Tra i dati citati da Kluge figurerebbero anche almeno cinque morti in 24 ore per caldo in Italia, un dato su cui è nata una polemica: il Ministero della Salute ha smentito, non riscontrando tali decessi nei propri bollettini. Al di là della discrepanza sui numeri immediati, ciò che preme sottolineare è la visione di fondo di Kluge: queste ondate non sono più eventi eccezionali, ma crisi ricorrenti e strutturali.
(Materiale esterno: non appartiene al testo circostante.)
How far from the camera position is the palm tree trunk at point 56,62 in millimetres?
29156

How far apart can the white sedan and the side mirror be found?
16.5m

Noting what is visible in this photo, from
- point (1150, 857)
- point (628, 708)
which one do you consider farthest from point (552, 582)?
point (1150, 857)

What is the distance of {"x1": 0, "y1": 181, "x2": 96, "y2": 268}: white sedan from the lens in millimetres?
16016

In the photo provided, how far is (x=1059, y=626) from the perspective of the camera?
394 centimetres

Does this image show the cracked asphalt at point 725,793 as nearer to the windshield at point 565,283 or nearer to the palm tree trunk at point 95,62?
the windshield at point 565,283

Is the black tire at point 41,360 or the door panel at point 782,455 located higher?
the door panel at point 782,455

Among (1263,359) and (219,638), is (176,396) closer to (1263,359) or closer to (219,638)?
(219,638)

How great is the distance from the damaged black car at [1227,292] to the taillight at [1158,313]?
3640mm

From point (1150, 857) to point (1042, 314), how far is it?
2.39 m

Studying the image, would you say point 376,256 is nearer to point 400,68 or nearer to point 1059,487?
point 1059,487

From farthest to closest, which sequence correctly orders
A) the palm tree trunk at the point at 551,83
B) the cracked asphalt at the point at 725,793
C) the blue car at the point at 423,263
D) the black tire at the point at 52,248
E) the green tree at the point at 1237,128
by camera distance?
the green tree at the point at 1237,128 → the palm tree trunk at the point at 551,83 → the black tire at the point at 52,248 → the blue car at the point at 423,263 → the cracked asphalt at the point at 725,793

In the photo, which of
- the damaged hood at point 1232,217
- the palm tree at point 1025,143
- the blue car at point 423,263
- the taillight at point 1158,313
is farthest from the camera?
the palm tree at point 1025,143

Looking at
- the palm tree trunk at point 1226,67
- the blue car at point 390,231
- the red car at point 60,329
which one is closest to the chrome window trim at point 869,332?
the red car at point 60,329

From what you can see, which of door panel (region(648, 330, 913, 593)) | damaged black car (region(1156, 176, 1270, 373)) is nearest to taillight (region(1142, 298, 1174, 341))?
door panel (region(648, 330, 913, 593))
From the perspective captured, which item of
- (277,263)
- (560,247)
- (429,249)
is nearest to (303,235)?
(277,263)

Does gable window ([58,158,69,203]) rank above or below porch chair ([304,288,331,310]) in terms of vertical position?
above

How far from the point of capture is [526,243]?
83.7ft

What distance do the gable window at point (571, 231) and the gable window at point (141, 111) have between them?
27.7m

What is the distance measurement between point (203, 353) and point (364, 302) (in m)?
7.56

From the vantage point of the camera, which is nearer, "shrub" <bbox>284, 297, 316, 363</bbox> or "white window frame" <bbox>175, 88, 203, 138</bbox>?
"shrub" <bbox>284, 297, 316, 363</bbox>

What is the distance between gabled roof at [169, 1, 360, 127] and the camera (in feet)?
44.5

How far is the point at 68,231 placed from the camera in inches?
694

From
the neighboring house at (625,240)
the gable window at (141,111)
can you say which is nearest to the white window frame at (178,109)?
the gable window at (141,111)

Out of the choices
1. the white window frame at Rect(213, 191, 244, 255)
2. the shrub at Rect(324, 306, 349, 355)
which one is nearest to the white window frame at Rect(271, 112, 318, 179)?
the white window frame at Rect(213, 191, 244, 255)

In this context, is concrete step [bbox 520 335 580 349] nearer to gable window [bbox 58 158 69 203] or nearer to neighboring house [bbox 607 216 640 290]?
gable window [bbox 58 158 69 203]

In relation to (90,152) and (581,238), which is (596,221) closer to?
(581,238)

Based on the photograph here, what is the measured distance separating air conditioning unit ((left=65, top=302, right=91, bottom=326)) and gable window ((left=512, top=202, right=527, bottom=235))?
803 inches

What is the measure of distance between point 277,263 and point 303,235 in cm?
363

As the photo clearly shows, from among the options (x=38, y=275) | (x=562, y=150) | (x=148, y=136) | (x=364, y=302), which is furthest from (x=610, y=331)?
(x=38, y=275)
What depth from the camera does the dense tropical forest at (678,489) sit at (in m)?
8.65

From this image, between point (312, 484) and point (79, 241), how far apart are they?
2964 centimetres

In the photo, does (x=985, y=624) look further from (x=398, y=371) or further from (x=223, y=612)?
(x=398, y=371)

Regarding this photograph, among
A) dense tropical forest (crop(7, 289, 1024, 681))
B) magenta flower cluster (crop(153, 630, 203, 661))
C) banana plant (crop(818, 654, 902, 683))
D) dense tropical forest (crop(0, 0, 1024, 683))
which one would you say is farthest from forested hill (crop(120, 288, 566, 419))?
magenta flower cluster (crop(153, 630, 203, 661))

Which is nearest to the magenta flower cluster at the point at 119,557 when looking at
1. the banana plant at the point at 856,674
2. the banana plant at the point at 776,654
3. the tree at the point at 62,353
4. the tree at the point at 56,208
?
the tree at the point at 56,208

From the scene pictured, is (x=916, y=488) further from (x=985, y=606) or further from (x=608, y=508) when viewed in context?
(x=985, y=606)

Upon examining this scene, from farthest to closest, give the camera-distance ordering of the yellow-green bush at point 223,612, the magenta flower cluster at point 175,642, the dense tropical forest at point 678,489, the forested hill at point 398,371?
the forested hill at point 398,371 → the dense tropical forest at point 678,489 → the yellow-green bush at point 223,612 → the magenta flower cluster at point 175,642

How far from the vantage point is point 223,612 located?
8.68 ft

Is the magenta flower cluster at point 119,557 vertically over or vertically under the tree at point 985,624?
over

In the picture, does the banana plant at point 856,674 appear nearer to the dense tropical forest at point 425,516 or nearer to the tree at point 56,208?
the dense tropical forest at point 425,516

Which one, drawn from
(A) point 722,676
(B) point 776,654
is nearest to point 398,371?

Sebbene il direttore dell’OMS sostenga che l’attuale sistema di adattamento stia contenendo il numero totale delle vittime rispetto al passato, il suo avvertimento è chiaro: “Questa ondata di calore è una prova generale. Le estati future saranno più difficili”.

Anche l’OIL (Organizzazione Internazionale del Lavoro) ha diffuso recentemente il rapporto ‘Alte temperature sul lavoro: implicazioni per la salute e sicurezza’. Secondo il documento, il tasso globale di lavoratori esposti al rischio da calore estremo si attesta al 71%. I picchi si registrano in Africa (92,9%) e negli Stati arabi (83,9%), ma è la macro-regione Europa – Asia Centrale ad aver sperimentato il maggior incremento nell’esposizione al rischio: un +17,3% contro una media globale dell’8,1%.

I pericoli maggiori riguardano chi lavora all’aperto: agricoltura, edilizia e manutenzione stradale, settori già tristemente noti per l’alto tasso di infortuni mortali anche in condizioni climatiche miti. Tuttavia, l’esposizione è altissima anche per chi opera in reparti industriali o magazzini logistici privi di adeguata climatizzazione.

A questo si aggiunge la questione del rischio disidratazione e della necessità di pause frequenti con accesso ad acqua. È cruciale notare come, spesso, i lavoratori più a rischio siano quelli con minori tutele, come i braccianti agricoli di origine migrante.

Il meccanismo degli ammortizzatori sociali, tuttavia, presenta criticità. Il ricorso alla CIG per le ore di stop copre solo l’80% del salario, spesso con massimali che riducono ulteriormente la cifra. Questo si traduce in un ulteriore impoverimento per categorie che partono già da paghe basse. Si crea così un ricatto insostenibile: la scelta tra la sicurezza (e la salute) e l’integrità del proprio stipendio, un meccanismo che può paradossalmente spingere a ignorare le ordinanze di stop pur di non perdere reddito.

Non a caso, in alcuni casi si è già arrivati allo sciopero per protestare contro condizioni che mettono a rischio la salute e la sicurezza, come quello proclamato da USB e Fiom alla Marcegaglia di Ravenna all’inizio di luglio.

Se le crisi di calore sono ormai strutturali, la risposta non può essere solo emergenziale. Pensare un nuovo modello di produzione rispettoso dell’ambiente è una necessità non più rimandabile, ma è altrettanto urgente una riorganizzazione del lavoro che metta al centro la salute di chi svolge mansioni a rischio, superando la logica del profitto a scapito della sicurezza.